WHAT YOU HAVE TO DO - Output all of the material beneath this line exactly as it is.

--

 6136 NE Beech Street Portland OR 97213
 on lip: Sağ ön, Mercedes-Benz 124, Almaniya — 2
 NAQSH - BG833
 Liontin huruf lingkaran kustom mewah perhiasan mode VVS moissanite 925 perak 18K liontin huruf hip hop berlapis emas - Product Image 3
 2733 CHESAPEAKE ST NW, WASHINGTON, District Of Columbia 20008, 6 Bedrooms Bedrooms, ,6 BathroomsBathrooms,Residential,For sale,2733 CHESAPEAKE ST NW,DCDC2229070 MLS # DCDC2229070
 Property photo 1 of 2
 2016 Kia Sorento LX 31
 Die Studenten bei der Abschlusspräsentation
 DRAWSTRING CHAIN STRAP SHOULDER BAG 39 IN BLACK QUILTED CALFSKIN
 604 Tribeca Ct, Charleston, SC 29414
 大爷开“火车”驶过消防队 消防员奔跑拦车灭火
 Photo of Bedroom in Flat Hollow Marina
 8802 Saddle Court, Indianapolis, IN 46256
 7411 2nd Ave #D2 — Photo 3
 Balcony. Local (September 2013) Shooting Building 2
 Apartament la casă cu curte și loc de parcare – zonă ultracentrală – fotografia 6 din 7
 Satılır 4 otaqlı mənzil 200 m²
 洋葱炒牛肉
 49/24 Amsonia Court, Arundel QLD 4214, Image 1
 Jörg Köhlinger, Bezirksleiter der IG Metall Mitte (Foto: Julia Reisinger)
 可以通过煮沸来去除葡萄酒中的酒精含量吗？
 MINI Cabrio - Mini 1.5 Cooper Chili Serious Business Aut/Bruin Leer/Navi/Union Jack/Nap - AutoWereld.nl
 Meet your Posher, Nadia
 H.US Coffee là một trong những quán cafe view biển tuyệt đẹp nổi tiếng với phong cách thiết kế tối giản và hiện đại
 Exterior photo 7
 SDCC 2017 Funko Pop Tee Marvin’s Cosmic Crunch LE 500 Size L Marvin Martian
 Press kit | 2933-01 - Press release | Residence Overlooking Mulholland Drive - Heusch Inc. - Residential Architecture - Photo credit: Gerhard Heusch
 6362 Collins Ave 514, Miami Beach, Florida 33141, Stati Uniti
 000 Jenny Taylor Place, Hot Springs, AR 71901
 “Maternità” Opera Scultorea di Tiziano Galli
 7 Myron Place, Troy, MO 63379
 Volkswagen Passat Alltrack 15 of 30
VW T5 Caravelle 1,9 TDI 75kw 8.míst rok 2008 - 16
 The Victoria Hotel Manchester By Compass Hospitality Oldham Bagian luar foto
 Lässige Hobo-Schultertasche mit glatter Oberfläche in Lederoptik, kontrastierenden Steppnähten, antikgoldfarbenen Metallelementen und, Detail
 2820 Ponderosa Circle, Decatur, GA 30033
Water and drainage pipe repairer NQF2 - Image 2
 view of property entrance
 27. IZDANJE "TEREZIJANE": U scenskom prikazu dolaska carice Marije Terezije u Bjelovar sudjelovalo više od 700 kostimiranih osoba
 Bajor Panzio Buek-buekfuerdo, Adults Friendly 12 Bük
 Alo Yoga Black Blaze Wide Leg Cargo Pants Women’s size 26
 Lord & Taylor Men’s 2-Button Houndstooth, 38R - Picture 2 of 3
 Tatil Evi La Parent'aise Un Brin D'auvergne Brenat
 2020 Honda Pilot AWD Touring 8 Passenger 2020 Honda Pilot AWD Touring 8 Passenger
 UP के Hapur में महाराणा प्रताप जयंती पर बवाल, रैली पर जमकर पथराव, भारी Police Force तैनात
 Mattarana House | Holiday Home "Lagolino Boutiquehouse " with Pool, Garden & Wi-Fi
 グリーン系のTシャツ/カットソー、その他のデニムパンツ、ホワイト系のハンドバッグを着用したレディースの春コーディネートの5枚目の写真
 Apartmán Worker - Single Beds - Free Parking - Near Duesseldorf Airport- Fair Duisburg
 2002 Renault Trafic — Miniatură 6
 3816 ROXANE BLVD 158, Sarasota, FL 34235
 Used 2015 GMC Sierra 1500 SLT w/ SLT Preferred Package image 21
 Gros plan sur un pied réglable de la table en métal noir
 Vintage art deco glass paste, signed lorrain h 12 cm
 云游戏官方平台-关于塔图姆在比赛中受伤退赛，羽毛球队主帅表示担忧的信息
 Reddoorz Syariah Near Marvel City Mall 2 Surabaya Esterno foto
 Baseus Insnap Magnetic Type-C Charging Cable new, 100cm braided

--

ANSWER SECTION -
 6136 NE Beech Street Portland OR 97213
 on lip: Sağ ön, Mercedes-Benz 124, Almaniya — 2
 NAQSH - BG833
 Liontin huruf lingkaran kustom mewah perhiasan mode VVS moissanite 925 perak 18K liontin huruf hip hop berlapis emas - Product Image 3
 2733 CHESAPEAKE ST NW, WASHINGTON, District Of Columbia 20008, 6 Bedrooms Bedrooms, ,6 BathroomsBathrooms,Residential,For sale,2733 CHESAPEAKE ST NW,DCDC2229070 MLS # DCDC2229070
 Property photo 1 of 2
 2016 Kia Sorento LX 31
 Die Studenten bei der Abschlusspräsentation
 DRAWSTRING CHAIN STRAP SHOULDER BAG 39 IN BLACK QUILTED CALFSKIN
 604 Tribeca Ct, Charleston, SC 29414
 大爷开“火车”驶过消防队 消防员奔跑拦车灭火
 Photo of Bedroom in Flat Hollow Marina
 8802 Saddle Court, Indianapolis, IN 46256
 7411 2nd Ave #D2 — Photo 3
 Balcony. Local (September 2013) Shooting Building 2
 Apartament la casă cu curte și loc de parcare – zonă ultracentrală – fotografia 6 din 7
 Satılır 4 otaqlı mənzil 200 m²
 洋葱炒牛肉
 49/24 Amsonia Court, Arundel QLD 4214, Image 1
 Jörg Köhlinger, Bezirksleiter der IG Metall Mitte (Foto: Julia Reisinger)
 可以通过煮沸来去除葡萄酒中的酒精含量吗？
 MINI Cabrio - Mini 1.5 Cooper Chili Serious Business Aut/Bruin Leer/Navi/Union Jack/Nap - AutoWereld.nl
 Meet your Posher, Nadia
 H.US Coffee là một trong những quán cafe view biển tuyệt đẹp nổi tiếng với phong cách thiết kế tối giản và hiện đại
 Exterior photo 7
 SDCC 2017 Funko Pop Tee Marvin’s Cosmic Crunch LE 500 Size L Marvin Martian
 Press kit | 2933-01 - Press release | Residence Overlooking Mulholland Drive - Heusch Inc. - Residential Architecture - Photo credit: Gerhard Heusch
 6362 Collins Ave 514, Miami Beach, Florida 33141, Stati Uniti
 000 Jenny Taylor Place, Hot Springs, AR 71901
 “Maternità” Opera Scultorea di Tiziano Galli
 7 Myron Place, Troy, MO 63379
 Volkswagen Passat Alltrack 15 of 30
VW T5 Caravelle 1,9 TDI 75kw 8.míst rok 2008 - 16
 The Victoria Hotel Manchester By Compass Hospitality Oldham Bagian luar foto
 Lässige Hobo-Schultertasche mit glatter Oberfläche in Lederoptik, kontrastierenden Steppnähten, antikgoldfarbenen Metallelementen und, Detail
 2820 Ponderosa Circle, Decatur, GA 30033
Water and drainage pipe repairer NQF2 - Image 2
 view of property entrance
 27. IZDANJE "TEREZIJANE": U scenskom prikazu dolaska carice Marije Terezije u Bjelovar sudjelovalo više od 700 kostimiranih osoba
 Bajor Panzio Buek-buekfuerdo, Adults Friendly 12 Bük
 Alo Yoga Black Blaze Wide Leg Cargo Pants Women’s size 26
 Lord & Taylor Men’s 2-Button Houndstooth, 38R - Picture 2 of 3
 Tatil Evi La Parent'aise Un Brin D'auvergne Brenat
 2020 Honda Pilot AWD Touring 8 Passenger 2020 Honda Pilot AWD Touring 8 Passenger
 UP के Hapur में महाराणा प्रताप जयंती पर बवाल, रैली पर जमकर पथराव, भारी Police Force तैनात
 Mattarana House | Holiday Home "Lagolino Boutiquehouse " with Pool, Garden & Wi-Fi
 グリーン系のTシャツ/カットソー、その他のデニムパンツ、ホワイト系のハンドバッグを着用したレディースの春コーディネートの5枚目の写真
 Apartmán Worker - Single Beds - Free Parking - Near Duesseldorf Airport- Fair Duisburg
 2002 Renault Trafic — Miniatură 6
 3816 ROXANE BLVD 158, Sarasota, FL 34235
 Used 2015 GMC Sierra 1500 SLT w/ SLT Preferred Package image 21
 Gros plan sur un pied réglable de la table en métal noir
 Vintage art deco glass paste, signed lorrain h 12 cm
 云游戏官方平台-关于塔图姆在比赛中受伤退赛，羽毛球队主帅表示担忧的信息
 Reddoorz Syariah Near Marvel City Mall 2 Surabaya Esterno foto
 Baseus Insnap Magnetic Type-C Charging Cable new, 100cm braided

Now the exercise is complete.